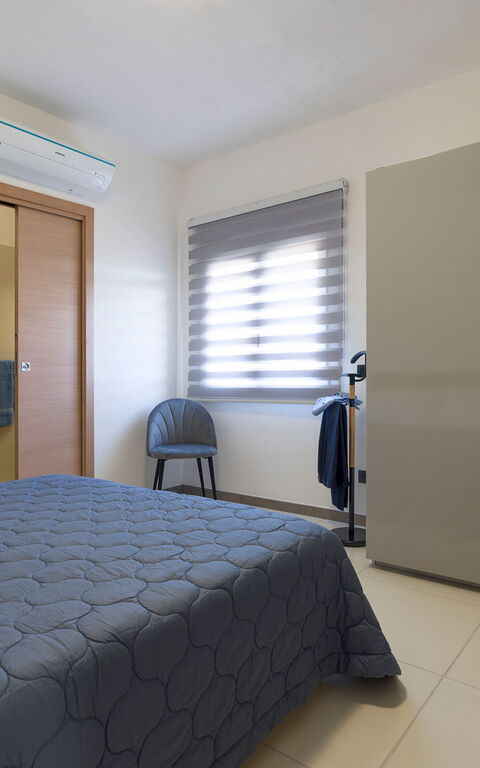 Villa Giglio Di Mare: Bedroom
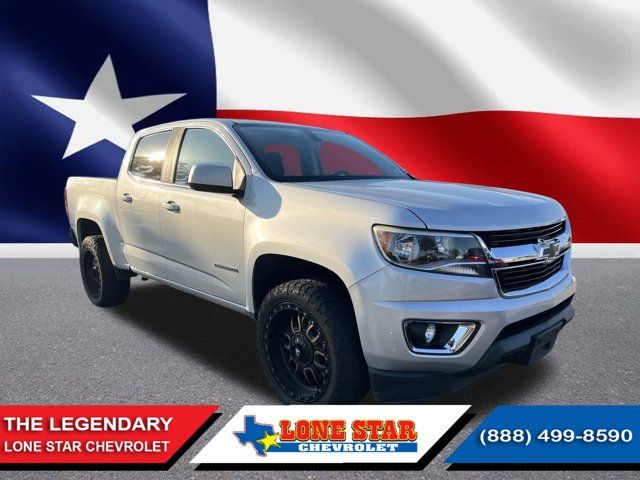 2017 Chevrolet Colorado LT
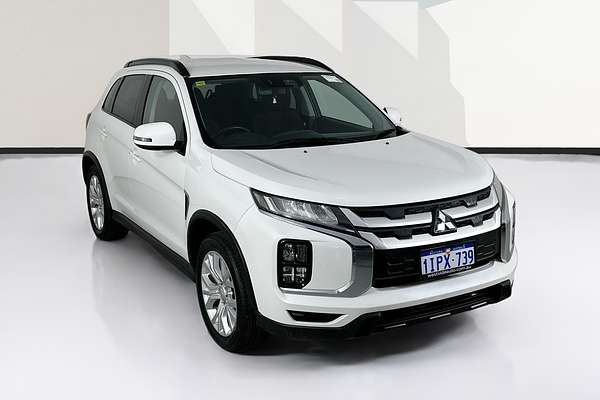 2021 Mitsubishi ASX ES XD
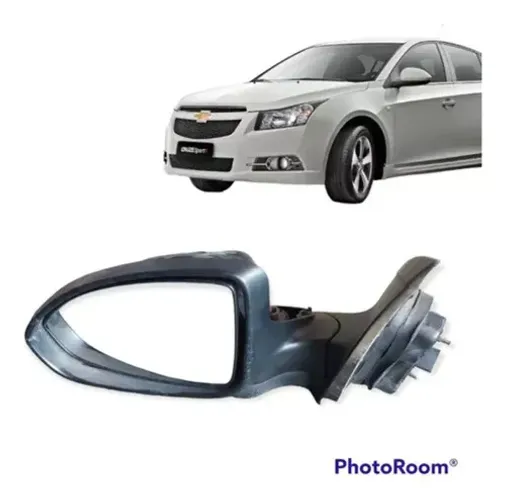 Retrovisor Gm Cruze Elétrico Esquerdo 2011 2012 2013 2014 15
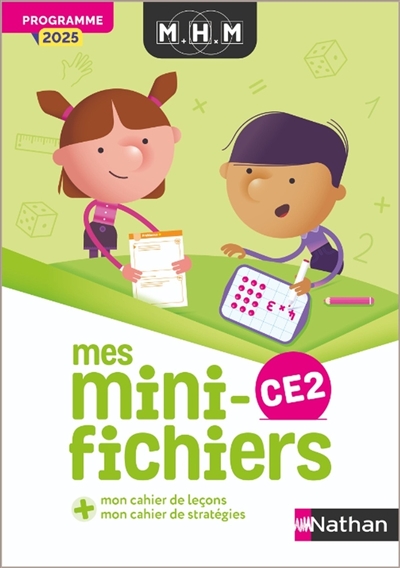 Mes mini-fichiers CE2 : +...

*Assignment:* Only the lines from the one containing "Retrovisor Gm Cruze" through the last line of the material are to be restated word for word; no picture is to be included.

*Exercise output:*
 Retrovisor Gm Cruze Elétrico Esquerdo 2011 2012 2013 2014 15
 Mes mini-fichiers CE2 : +...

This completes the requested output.